(PROBLEM TO WORK ON): Your response should be the complete listing, copied exactly.

---------------

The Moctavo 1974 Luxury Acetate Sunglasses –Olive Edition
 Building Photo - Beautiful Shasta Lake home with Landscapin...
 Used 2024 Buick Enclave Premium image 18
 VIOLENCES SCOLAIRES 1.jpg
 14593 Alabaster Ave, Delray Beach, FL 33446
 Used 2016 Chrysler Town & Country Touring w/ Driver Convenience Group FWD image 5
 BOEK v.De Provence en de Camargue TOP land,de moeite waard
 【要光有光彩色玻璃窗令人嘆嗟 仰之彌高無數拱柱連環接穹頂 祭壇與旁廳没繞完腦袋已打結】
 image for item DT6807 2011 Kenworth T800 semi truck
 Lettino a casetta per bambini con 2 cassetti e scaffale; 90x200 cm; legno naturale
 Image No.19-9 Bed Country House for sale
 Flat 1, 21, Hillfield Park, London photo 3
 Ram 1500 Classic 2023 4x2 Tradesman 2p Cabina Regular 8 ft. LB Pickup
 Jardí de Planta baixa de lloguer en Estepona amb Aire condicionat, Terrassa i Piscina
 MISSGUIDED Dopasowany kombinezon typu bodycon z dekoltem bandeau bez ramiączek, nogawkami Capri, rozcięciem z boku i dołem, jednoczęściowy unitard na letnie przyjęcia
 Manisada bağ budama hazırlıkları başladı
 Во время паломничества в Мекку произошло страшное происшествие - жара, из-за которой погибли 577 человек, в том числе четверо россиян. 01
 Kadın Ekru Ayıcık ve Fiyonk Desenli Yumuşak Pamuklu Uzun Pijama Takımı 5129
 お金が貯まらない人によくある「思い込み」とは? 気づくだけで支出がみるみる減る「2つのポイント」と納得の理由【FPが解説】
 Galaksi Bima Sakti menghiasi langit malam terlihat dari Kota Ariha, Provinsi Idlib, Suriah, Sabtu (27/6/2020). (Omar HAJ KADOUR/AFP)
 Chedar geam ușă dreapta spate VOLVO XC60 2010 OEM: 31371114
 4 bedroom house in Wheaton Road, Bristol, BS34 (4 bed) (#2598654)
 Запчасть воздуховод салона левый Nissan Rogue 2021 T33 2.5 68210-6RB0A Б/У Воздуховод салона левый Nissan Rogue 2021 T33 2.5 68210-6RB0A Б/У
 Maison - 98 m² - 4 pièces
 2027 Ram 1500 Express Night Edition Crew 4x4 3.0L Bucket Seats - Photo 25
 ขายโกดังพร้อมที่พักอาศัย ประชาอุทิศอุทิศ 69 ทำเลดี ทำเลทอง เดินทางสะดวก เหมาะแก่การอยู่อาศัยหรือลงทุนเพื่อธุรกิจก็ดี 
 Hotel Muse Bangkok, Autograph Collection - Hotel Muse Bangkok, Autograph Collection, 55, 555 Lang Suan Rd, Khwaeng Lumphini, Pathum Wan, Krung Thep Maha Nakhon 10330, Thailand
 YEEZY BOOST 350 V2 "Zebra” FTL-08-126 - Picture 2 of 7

---------------

(OUTPUT FOR THIS TASK):
The Moctavo 1974 Luxury Acetate Sunglasses –Olive Edition
 Building Photo - Beautiful Shasta Lake home with Landscapin...
 Used 2024 Buick Enclave Premium image 18
 VIOLENCES SCOLAIRES 1.jpg
 14593 Alabaster Ave, Delray Beach, FL 33446
 Used 2016 Chrysler Town & Country Touring w/ Driver Convenience Group FWD image 5
 BOEK v.De Provence en de Camargue TOP land,de moeite waard
 【要光有光彩色玻璃窗令人嘆嗟 仰之彌高無數拱柱連環接穹頂 祭壇與旁廳没繞完腦袋已打結】
 image for item DT6807 2011 Kenworth T800 semi truck
 Lettino a casetta per bambini con 2 cassetti e scaffale; 90x200 cm; legno naturale
 Image No.19-9 Bed Country House for sale
 Flat 1, 21, Hillfield Park, London photo 3
 Ram 1500 Classic 2023 4x2 Tradesman 2p Cabina Regular 8 ft. LB Pickup
 Jardí de Planta baixa de lloguer en Estepona amb Aire condicionat, Terrassa i Piscina
 MISSGUIDED Dopasowany kombinezon typu bodycon z dekoltem bandeau bez ramiączek, nogawkami Capri, rozcięciem z boku i dołem, jednoczęściowy unitard na letnie przyjęcia
 Manisada bağ budama hazırlıkları başladı
 Во время паломничества в Мекку произошло страшное происшествие - жара, из-за которой погибли 577 человек, в том числе четверо россиян. 01
 Kadın Ekru Ayıcık ve Fiyonk Desenli Yumuşak Pamuklu Uzun Pijama Takımı 5129
 お金が貯まらない人によくある「思い込み」とは? 気づくだけで支出がみるみる減る「2つのポイント」と納得の理由【FPが解説】
 Galaksi Bima Sakti menghiasi langit malam terlihat dari Kota Ariha, Provinsi Idlib, Suriah, Sabtu (27/6/2020). (Omar HAJ KADOUR/AFP)
 Chedar geam ușă dreapta spate VOLVO XC60 2010 OEM: 31371114
 4 bedroom house in Wheaton Road, Bristol, BS34 (4 bed) (#2598654)
 Запчасть воздуховод салона левый Nissan Rogue 2021 T33 2.5 68210-6RB0A Б/У Воздуховод салона левый Nissan Rogue 2021 T33 2.5 68210-6RB0A Б/У
 Maison - 98 m² - 4 pièces
 2027 Ram 1500 Express Night Edition Crew 4x4 3.0L Bucket Seats - Photo 25
 ขายโกดังพร้อมที่พักอาศัย ประชาอุทิศอุทิศ 69 ทำเลดี ทำเลทอง เดินทางสะดวก เหมาะแก่การอยู่อาศัยหรือลงทุนเพื่อธุรกิจก็ดี 
 Hotel Muse Bangkok, Autograph Collection - Hotel Muse Bangkok, Autograph Collection, 55, 555 Lang Suan Rd, Khwaeng Lumphini, Pathum Wan, Krung Thep Maha Nakhon 10330, Thailand
 YEEZY BOOST 350 V2 "Zebra” FTL-08-126 - Picture 2 of 7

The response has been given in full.